MATERIAL PROVIDED:

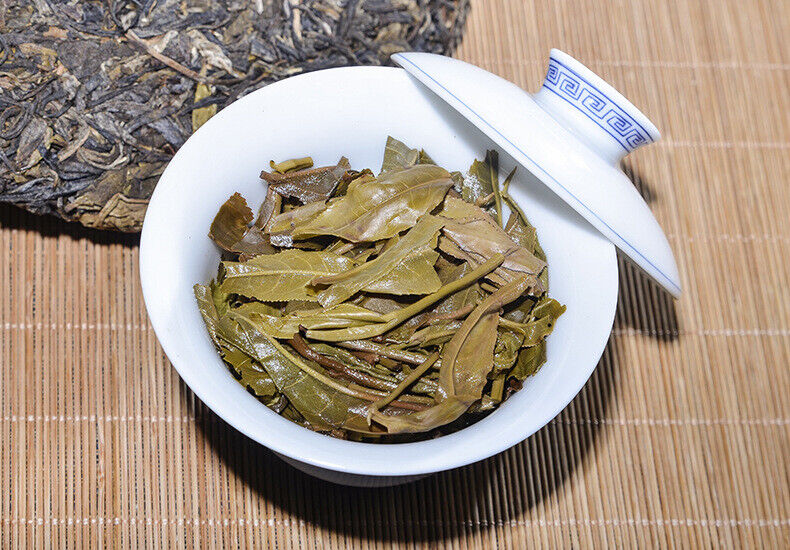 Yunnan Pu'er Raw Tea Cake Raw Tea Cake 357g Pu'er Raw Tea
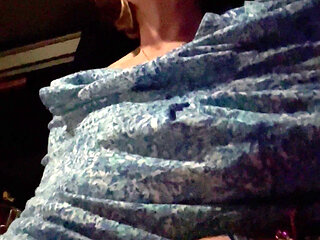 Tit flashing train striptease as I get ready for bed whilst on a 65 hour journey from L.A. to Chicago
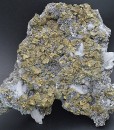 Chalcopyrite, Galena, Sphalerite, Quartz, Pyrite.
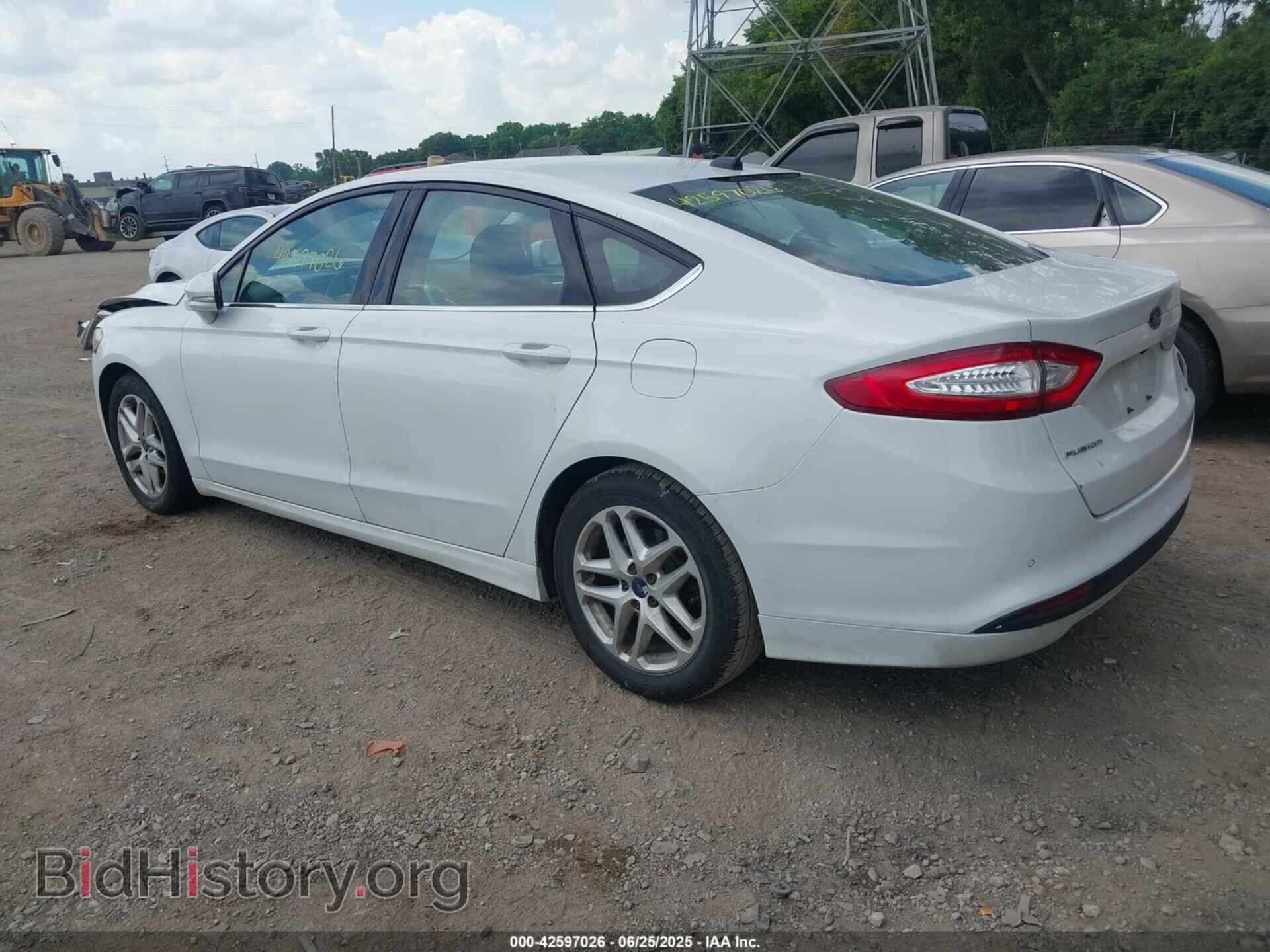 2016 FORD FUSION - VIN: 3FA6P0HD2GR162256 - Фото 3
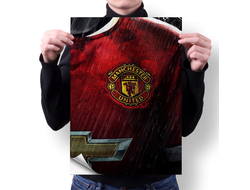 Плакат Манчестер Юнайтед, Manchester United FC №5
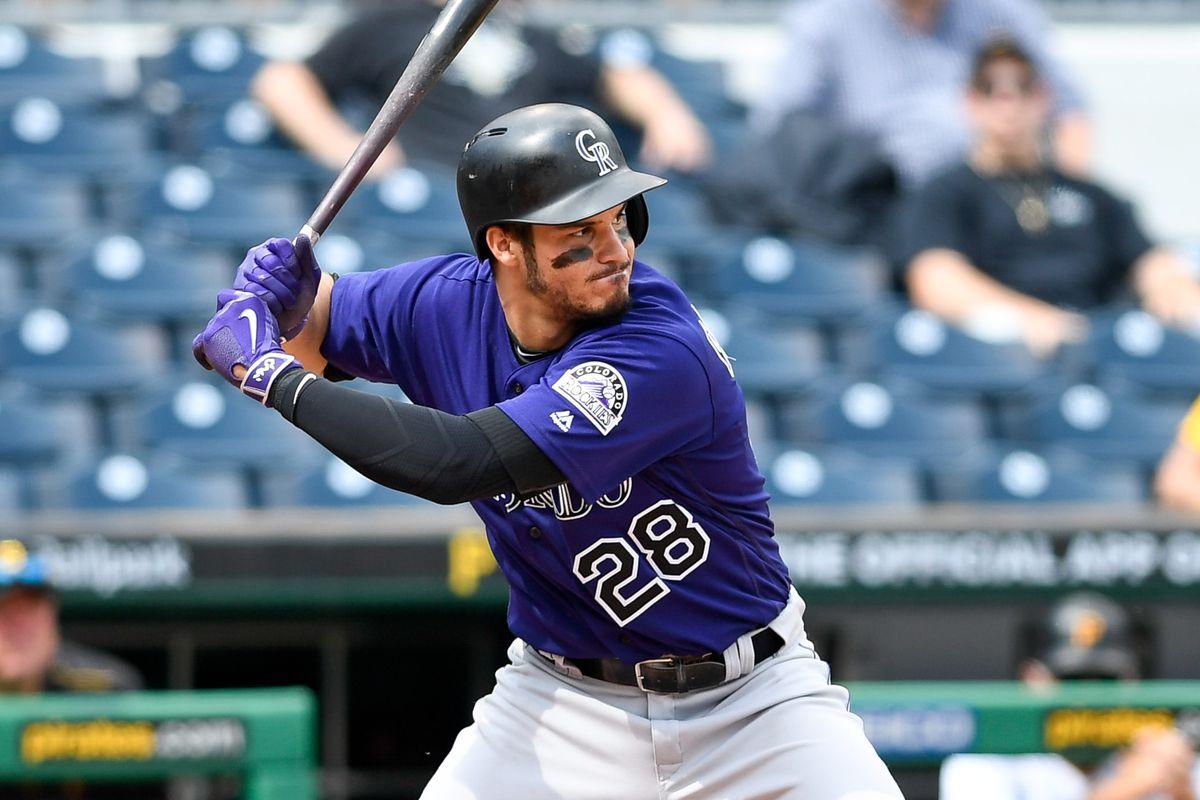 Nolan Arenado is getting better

---

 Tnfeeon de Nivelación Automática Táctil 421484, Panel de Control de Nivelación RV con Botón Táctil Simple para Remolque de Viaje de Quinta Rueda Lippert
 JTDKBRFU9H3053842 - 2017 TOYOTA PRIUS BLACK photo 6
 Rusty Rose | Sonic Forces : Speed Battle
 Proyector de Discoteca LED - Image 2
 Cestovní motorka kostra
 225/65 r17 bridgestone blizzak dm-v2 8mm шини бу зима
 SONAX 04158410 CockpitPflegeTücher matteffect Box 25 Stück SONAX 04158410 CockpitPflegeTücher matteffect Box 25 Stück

YOUR OBJECTIVE: In the records above, find the line with "Плакат Манчестер Юнайтед, Manchester" and the line with "Nolan Arenado is getting better", then restate word for word only those two lines and all lines between, omitting pictures.

ANSWER TO THE PROBLEM:
 Плакат Манчестер Юнайтед, Manchester United FC №5
 Nolan Arenado is getting better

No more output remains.